準共有では遺産分割未了の状態である時等をあらわします。

つまり、相続人間に争いがある場合等、準共有が長引くと問題が生まれる恐れがあります。

自社株②

(例)  

  株式総数:100株

  父(経営者、被相続人):60株

  長男(後継者、相続人):40株

  他相続人は二男・三男

  ⇒会社法106条により、代表者が決定していない場合は多数決となります。

   そのため、相続発生後の60株が宙に浮いており、

   兄弟3人が同じ力をもつこととなってしまいます。

   その結果、二男・三男が共同し、議決権株式を行使することにより、

   長男が解任されてしまう等の可能性が生まれてしまいます。

 

 

②遺言の重要性

上の例や社外への株式の流出、望ましくない株主の出現を防止するため等、遺言により後継者に「相続させる」とすることが重要です。

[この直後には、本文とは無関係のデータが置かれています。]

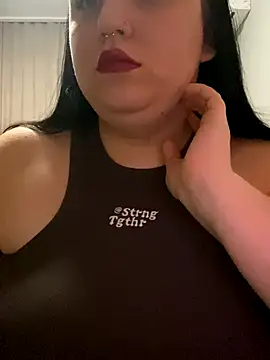 Ellainaaa online show from 10.17.25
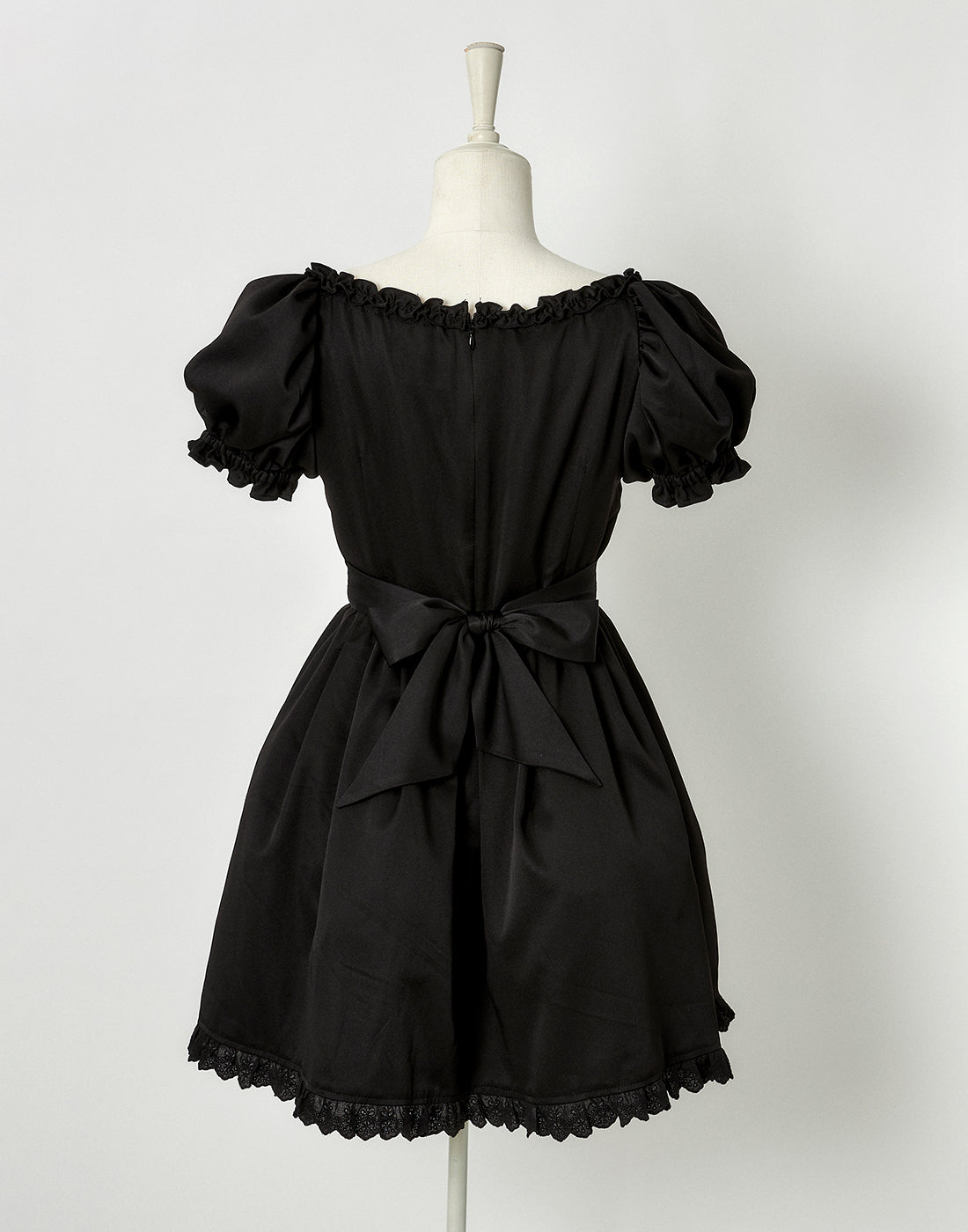 Bone ribbon puff doll dress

ただし、「特別受益の持ち戻し」、「遺留分」の制度があるため、オールマイティに有効な手段ではありません。

尚、遺留分放棄もありますが、放棄する本人が自ら家庭裁判所に申立てをして許可を受けなければなりません。

放棄の同意したとしても、家庭裁判所による質疑応答等、心理的な抵抗も大きいといえます。

 

 

③後継者に遺留分減殺請求されても十分な資力を持たせる

後継者への生前贈与を株式ではなく現金でする、生命保険を活用し後継者に全額おりるようにする等の対策を取ります。

こうすることにより、遺留分減殺請求を受けたとしてもそれに対応できることとなります。

  

ただし、このような対策が現実的ではない場合、または、自社株を移転しておきたいというニーズの場合、経営承継円滑化法「民法特例」の適用を検討することをおすすめします。